After we hauled our carcasses from the Outeniqua trail to our Airbnb, dried out and showered off, we took some time to explore the area around Knysna. Mostly, it was beautiful boilerplate for this area - but, one place truly shocked us. When we went for an afternoon hike in Robberg Nature Preserve we drove by a sign that said simply “Nelson Cave”. The boys cheered, “Cave!” Emilee groaned, “Caaaaave,” but when we consulted the Robberg pamphlet, we learned that the cave was inhabited as early as 120k years ago! Whaaaaaat?!?! Even Em was willing to go in for that.

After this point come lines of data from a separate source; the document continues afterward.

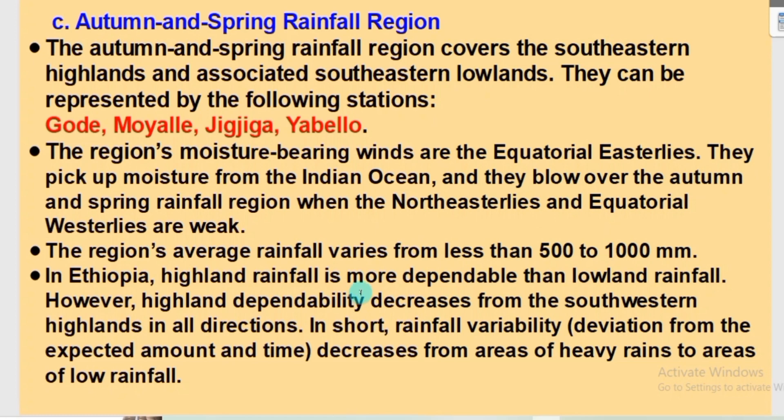In Ethiopia, highland rainfall is more dependable than lowland rainfall. However, highland dependability decreases from the southwestern highlands in all directions.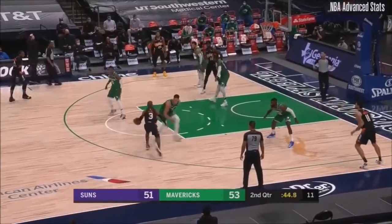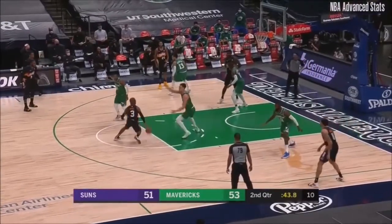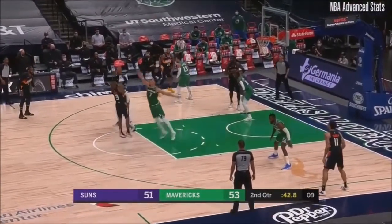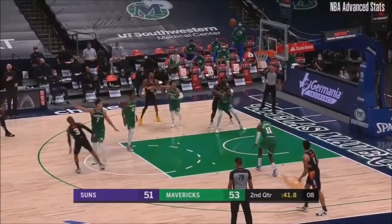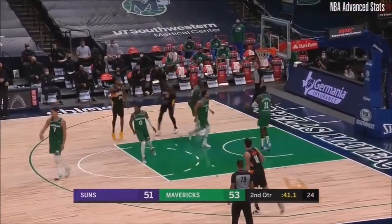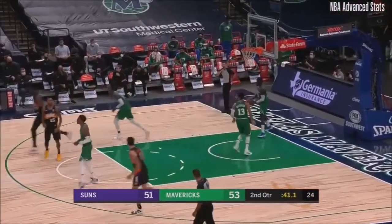Hardaway defending right now against Abdul Nader in the corner. On the move, it's Paul. Paul shooting up above the free throw line.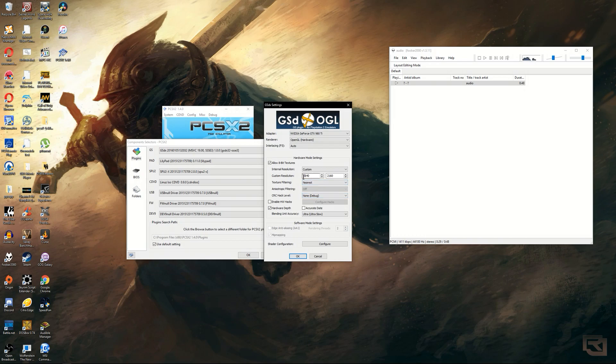Now you will be able to set the custom resolution to 3840 by 2160, which is 4K.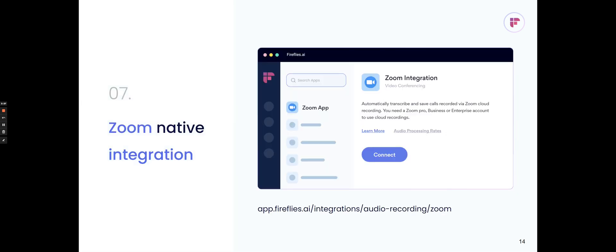If you're using Zoom on the pro or business version of Zoom, and you are recording directly within Zoom, you can connect to our Zoom native integration, and then any call that's recorded through Zoom will automatically get processed through Fireflies. You don't have to deal with inviting the bot or the Chrome extension. This is just a more native integration to Zoom that we have today.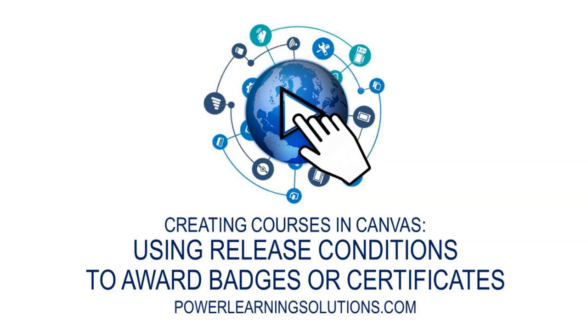Hi there, Rob Power here again from Power Learning Solutions with another video in my series on creating your own courses using the Canvas Free for Teachers Learning Management System.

When we got to the cave entrance, I was watching my footing and started to notice a lot of limpet shells - it slowly dawned on me that we were looking at a huge trash midden that filled the first few meters of the cave entrance! Inside the cave, archeologists have made multiple exploratory trenches to map the extent of habitation. They’ve found several burials, stone tools, bead ornamentation, and waves of habitation where the foods consumed were affected by climate. They have retained one of the excavations, with a cross section showing the different diets throughout the ages. Most of the history is filled with limpets, lots of limpets, but some eras were dominated by giant snails, or fish, or even antelope (during the ice age, when the area wasn’t coastal). It turns out that we had stumbled on one of the oldest sites of human habitation in the world. Incredible.